I could sit here and rewrite wondershaper to keep the strength of it as a coding example of how to use filtering, etc. OR: I could point you at the SQM code in cerowrt, or the traffic shaping example in gentoo .

Or I could show you a benchmark of what happens if you naively run wondershaper rather than a modern fq_codel based shaper. All benchmarks were run on CeroWrt 3.10.24-4 or later.

Benchmarking Wondershaper vs CeroWrt’s SQM

WonderShaper at 25Mbit down, 4Mbit up

The black line is an average of the fat streams and does not account for acks in the opposite direction or the measurement flows. In the latency test (third part of the chart), the black line is also an average, and each measurement stream stops at the first packet loss. (See RRUL test suite for more details on this benchmark and these plots.

Using wondershaper at this speed inbound bandwidth is less than HALF of what has been specified, and the outbound streams - despite being optimized, still get 12ms of extra induced latency. The SFQ tail drop buffering scheme causes huge swings in data delivery, too. Somewhere around here I have an example of what permutation used to do to tcp in older Linux versions. It isn’t pretty.

CeroWrt’s fq_codel based SQM at 25Mbit down, 4Mbit up

Here you can see over twice the incoming bandwidth, 60% less induced latency in the measurement streams,
and much “tighter” behavior of the tcp streams. Note this is also against the simplest shaper in CeroWrt, were this
to be against the three band one, the EF and ICMP streams would be prioritized.

In short: Wondershaper is thoroughly obsolete. Yes, it can be improved. But if you improve it you end up with something else entirely.

Some additional graphs:

WonderShaper configured at 800kbit down 220kbit up on the same test.

The graph is spotty as tcp up is really, really hurting, and downloads aren’t as good as they could be. And you can see the buffer depth in sfq causing nearly 300ms latency for the measurement streams. But ping? Ping, oh man, that’s optimized. Just what you need to impress your friends, right?

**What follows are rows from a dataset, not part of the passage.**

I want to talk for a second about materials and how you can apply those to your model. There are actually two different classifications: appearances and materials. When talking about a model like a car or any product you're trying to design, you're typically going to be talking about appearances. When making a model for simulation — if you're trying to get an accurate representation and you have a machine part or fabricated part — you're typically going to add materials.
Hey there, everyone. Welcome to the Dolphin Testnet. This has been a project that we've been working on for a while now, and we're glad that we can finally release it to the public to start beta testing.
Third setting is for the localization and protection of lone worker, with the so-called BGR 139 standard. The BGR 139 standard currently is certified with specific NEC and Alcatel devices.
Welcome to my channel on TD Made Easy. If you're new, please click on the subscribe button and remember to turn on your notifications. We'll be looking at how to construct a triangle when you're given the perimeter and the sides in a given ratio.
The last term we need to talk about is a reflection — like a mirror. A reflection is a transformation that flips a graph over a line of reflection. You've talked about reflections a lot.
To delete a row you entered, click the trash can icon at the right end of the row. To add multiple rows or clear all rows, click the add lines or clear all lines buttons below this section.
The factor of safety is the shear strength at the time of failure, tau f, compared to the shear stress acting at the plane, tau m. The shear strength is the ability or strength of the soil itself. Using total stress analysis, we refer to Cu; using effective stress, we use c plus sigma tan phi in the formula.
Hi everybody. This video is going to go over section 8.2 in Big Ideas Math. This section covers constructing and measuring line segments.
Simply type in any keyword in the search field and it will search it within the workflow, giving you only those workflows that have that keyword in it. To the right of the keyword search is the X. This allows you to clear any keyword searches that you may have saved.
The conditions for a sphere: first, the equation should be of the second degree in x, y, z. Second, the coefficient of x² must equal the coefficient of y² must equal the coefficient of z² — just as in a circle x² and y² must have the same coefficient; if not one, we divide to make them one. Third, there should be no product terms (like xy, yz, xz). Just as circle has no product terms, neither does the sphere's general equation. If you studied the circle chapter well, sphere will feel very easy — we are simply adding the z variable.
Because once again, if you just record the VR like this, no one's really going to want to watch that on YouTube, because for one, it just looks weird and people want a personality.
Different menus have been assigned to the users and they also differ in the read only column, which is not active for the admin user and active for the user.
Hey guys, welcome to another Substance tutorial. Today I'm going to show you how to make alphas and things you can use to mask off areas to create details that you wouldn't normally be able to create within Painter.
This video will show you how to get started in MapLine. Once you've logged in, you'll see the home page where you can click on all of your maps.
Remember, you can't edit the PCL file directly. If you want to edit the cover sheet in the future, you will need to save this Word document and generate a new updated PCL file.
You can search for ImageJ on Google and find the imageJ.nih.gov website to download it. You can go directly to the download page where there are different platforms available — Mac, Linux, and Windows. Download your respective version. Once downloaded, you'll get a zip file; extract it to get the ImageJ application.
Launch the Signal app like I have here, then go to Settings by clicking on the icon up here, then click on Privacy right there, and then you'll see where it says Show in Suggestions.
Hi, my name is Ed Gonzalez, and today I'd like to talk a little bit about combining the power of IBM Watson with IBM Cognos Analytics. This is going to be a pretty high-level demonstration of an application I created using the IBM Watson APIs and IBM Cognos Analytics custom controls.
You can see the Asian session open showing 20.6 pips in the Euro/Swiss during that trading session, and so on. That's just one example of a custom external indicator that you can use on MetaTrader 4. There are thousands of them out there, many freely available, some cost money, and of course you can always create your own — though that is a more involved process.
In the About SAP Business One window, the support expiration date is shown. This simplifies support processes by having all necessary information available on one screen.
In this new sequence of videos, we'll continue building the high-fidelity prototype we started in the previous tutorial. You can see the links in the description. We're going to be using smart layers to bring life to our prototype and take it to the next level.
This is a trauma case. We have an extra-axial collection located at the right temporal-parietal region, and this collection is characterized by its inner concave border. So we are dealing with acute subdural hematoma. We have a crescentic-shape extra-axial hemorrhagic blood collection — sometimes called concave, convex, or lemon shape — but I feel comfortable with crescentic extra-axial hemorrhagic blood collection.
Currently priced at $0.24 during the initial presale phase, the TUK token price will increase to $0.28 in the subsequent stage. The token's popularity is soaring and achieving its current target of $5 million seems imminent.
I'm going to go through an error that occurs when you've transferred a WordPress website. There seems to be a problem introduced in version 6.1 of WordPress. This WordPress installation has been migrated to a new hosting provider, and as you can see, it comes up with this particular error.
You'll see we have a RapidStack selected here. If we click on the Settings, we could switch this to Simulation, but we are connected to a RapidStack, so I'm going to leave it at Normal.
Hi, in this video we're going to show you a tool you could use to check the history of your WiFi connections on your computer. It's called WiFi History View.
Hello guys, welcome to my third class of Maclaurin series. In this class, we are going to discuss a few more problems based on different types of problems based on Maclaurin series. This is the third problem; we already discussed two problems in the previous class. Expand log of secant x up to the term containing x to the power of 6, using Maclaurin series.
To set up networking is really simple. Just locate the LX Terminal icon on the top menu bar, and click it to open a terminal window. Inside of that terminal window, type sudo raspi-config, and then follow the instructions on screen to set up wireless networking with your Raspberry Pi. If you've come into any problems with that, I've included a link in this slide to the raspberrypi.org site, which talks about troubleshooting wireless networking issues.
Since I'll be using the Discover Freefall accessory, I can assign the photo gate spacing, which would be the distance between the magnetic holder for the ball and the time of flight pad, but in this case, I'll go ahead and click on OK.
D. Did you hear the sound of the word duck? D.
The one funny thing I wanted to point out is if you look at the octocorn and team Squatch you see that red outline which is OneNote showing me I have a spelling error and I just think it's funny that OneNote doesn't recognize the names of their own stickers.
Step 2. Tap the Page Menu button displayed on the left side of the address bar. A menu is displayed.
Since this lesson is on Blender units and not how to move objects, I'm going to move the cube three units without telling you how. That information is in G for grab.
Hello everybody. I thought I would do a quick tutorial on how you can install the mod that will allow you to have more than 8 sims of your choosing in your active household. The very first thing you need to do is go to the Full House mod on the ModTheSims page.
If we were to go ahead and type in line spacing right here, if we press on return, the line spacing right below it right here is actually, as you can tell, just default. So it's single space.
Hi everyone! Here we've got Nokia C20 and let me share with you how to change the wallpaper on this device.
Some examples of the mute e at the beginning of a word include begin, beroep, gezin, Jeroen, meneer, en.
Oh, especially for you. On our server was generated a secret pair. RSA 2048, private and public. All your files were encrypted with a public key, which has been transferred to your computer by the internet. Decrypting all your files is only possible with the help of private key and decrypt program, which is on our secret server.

800x220, with CeroWrt fq_codel SQM

Note: fq_codel here has target of 60ms and is ecn enabled.

We still have problems with the graphing tool… but we do considerably better across the board. However we still lose the measurement streams due to collateral damage from ecn and the DRR based system fq_codel uses.

800x220 nfq_codel based CeroWrt SQM

(nfq_codel is fq_codel modified to behave more like SFQ for lower bandwidths. Despite the filename ecn was disabled)

(nfq_codel, because it is more sfq-like is better at preserving low rate flows than fq_codel is.)

NOTE: It would be good for me to re-run these benchmarks at wondershaper’s original speed range and mtu.
A comparison vs htb with and without atm compensation would be good too.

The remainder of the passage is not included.